## The task
Reproduce all of the data below without alteration; exclude every picture.
[Data supplied Boundary: Start]
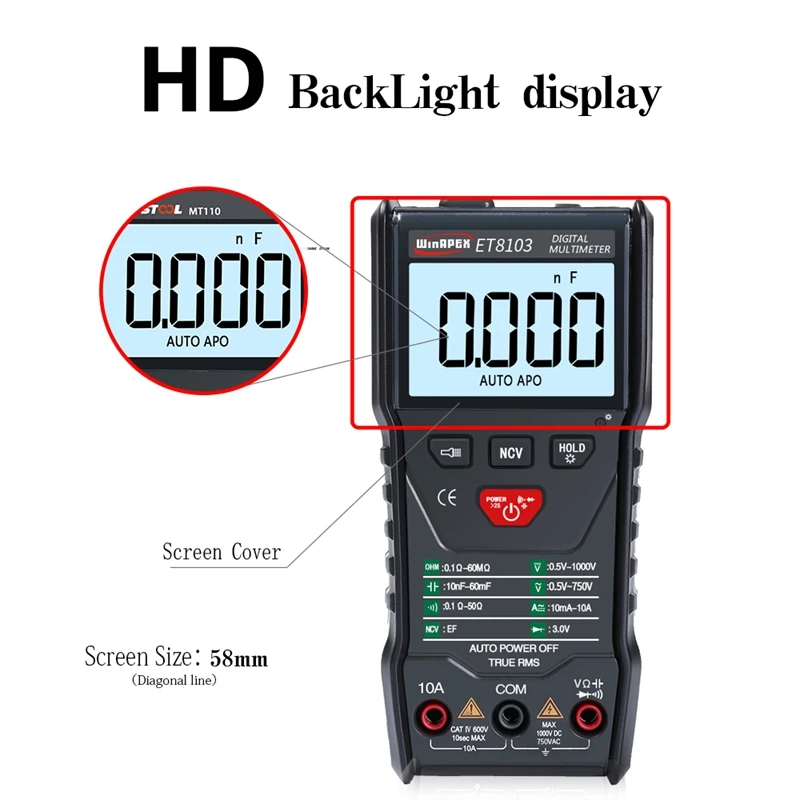 Hlzs-winapex Et8103 цифровой мультиметр тестер 3 5/6 мини мультиметр Ac Dc 6000 True Rms цифровой вольтметр 1000 в 10 А Карманный мульти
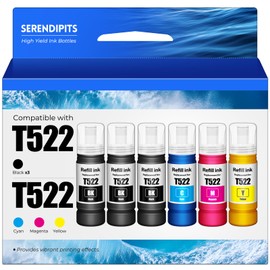 522 Ink Refill Bottles ET-4800 ET-2800 ET-2803 ET-2400 Replacement for 522 Ink Refill Bottles 6 Pack Fit for 522 Ink for ET 2800 ET-2720 ET-2840 ET4800 ET2400 ET-4700 ET-4810 ET2800 2803 2800 Printer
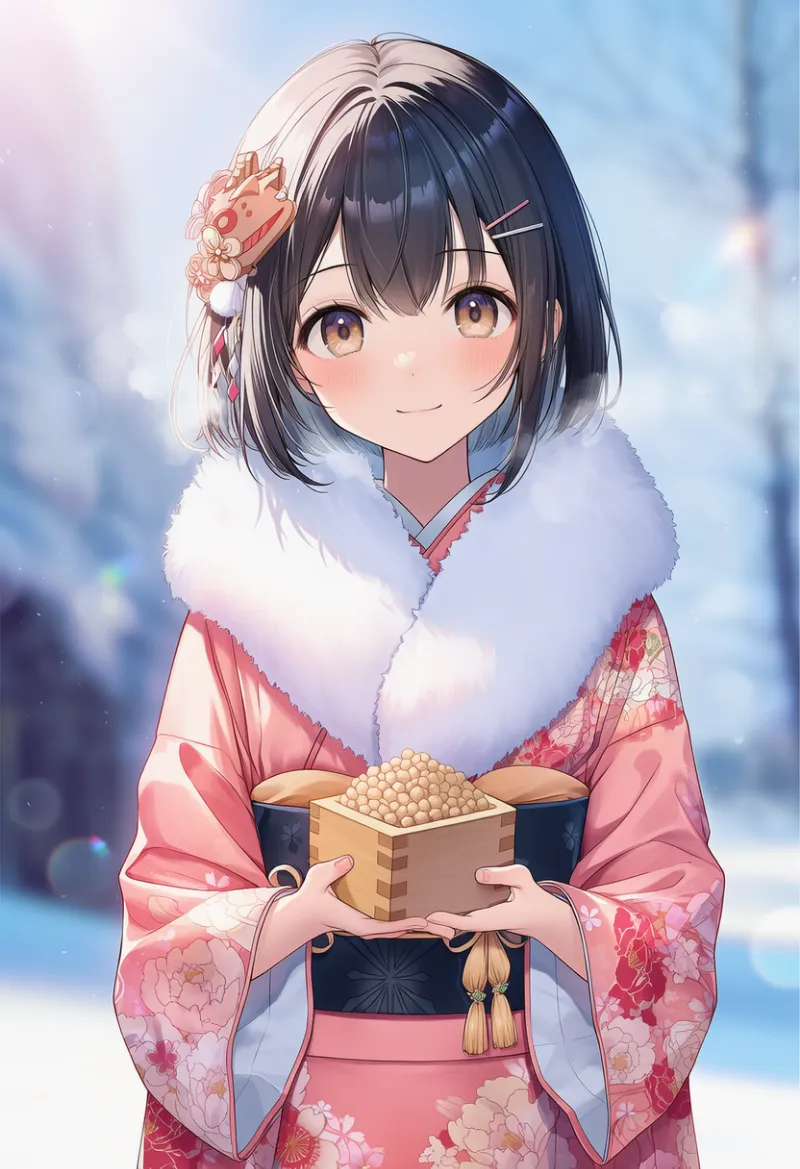 節分の豆まきの升を持った状態を再現するプロンプトとAIイラスト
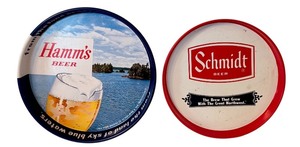 lot 45T image: Hamms 13 Inch and Schmidt 12 Inch Vintage Beer Advertising Trays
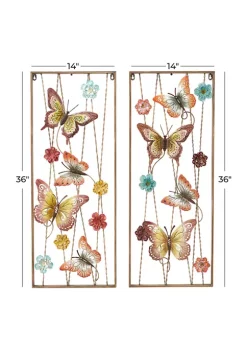 Budget 🤩 Eclectic Metal Wall Decor - Set of 2 by Monroe Lane 🎁 -Monroe Lane Sales Belk 27611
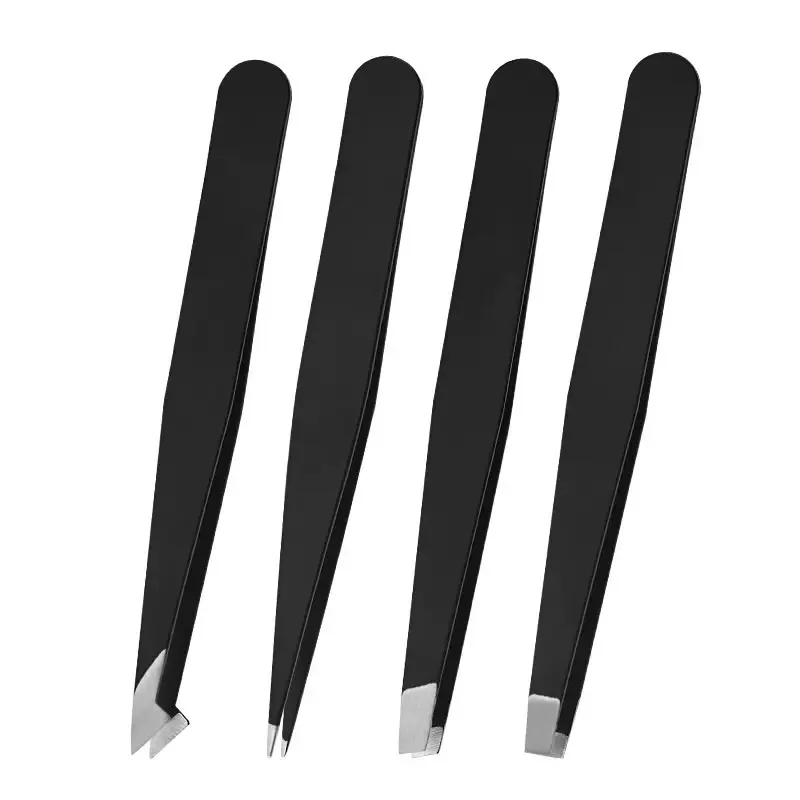 4-teiliges Pinzetten-Set, professionelle Pinzetten aus Edelstahl für Augenbrauen, tolle Präzision für Gesichtshaare, Splitter, eingewachsene Haare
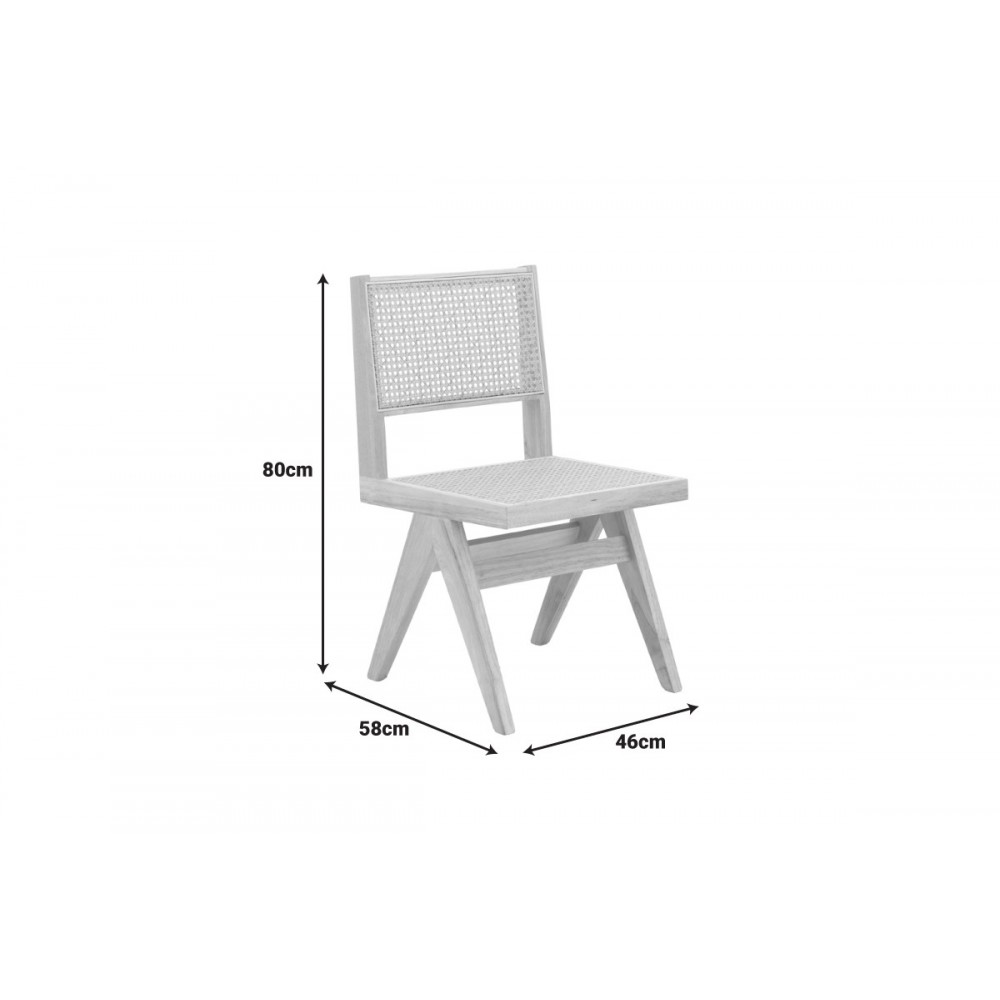 Καρέκλα "WINSLOW" από rubberwood/rattan σε χρώμα φυσικό 46x58x80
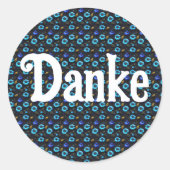 Sticker Rond Motif floral fleurs bleues (Devant)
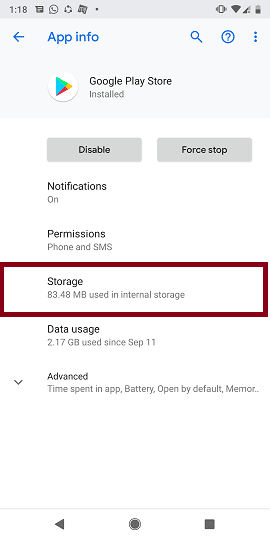 Clear Google Play Store Cache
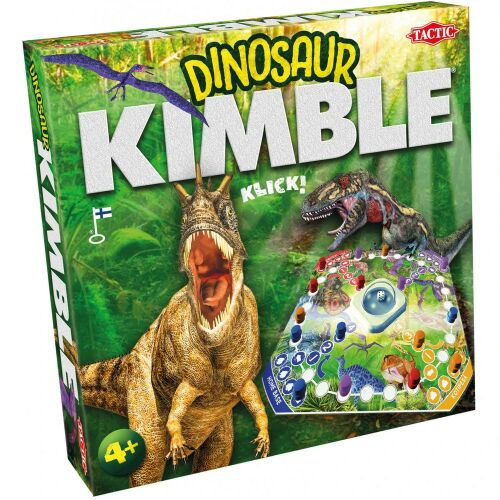 Tactic Dinosaur Kimble társasjáték doboza élénk dinoszaurusz illusztrációkkal és játéktábla előnézettel, 4+ éves kortól - Társasjáték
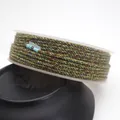 Multi-color hand-braided cotton cord with gold thread for DIY necklace and bracelet. - Approximately 0.8mm / 51 (Olive Green & Coffee Mix with Gold)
[Data supplied Boundary: End]
## Response to this exercise
 Hlzs-winapex Et8103 цифровой мультиметр тестер 3 5/6 мини мультиметр Ac Dc 6000 True Rms цифровой вольтметр 1000 в 10 А Карманный мульти
 522 Ink Refill Bottles ET-4800 ET-2800 ET-2803 ET-2400 Replacement for 522 Ink Refill Bottles 6 Pack Fit for 522 Ink for ET 2800 ET-2720 ET-2840 ET4800 ET2400 ET-4700 ET-4810 ET2800 2803 2800 Printer
 節分の豆まきの升を持った状態を再現するプロンプトとAIイラスト
 lot 45T image: Hamms 13 Inch and Schmidt 12 Inch Vintage Beer Advertising Trays
 Budget 🤩 Eclectic Metal Wall Decor - Set of 2 by Monroe Lane 🎁 -Monroe Lane Sales Belk 27611
 4-teiliges Pinzetten-Set, professionelle Pinzetten aus Edelstahl für Augenbrauen, tolle Präzision für Gesichtshaare, Splitter, eingewachsene Haare
 Καρέκλα "WINSLOW" από rubberwood/rattan σε χρώμα φυσικό 46x58x80
 Sticker Rond Motif floral fleurs bleues (Devant)
 Clear Google Play Store Cache
 Tactic Dinosaur Kimble társasjáték doboza élénk dinoszaurusz illusztrációkkal és játéktábla előnézettel, 4+ éves kortól - Társasjáték
 Multi-color hand-braided cotton cord with gold thread for DIY necklace and bracelet. - Approximately 0.8mm / 51 (Olive Green & Coffee Mix with Gold)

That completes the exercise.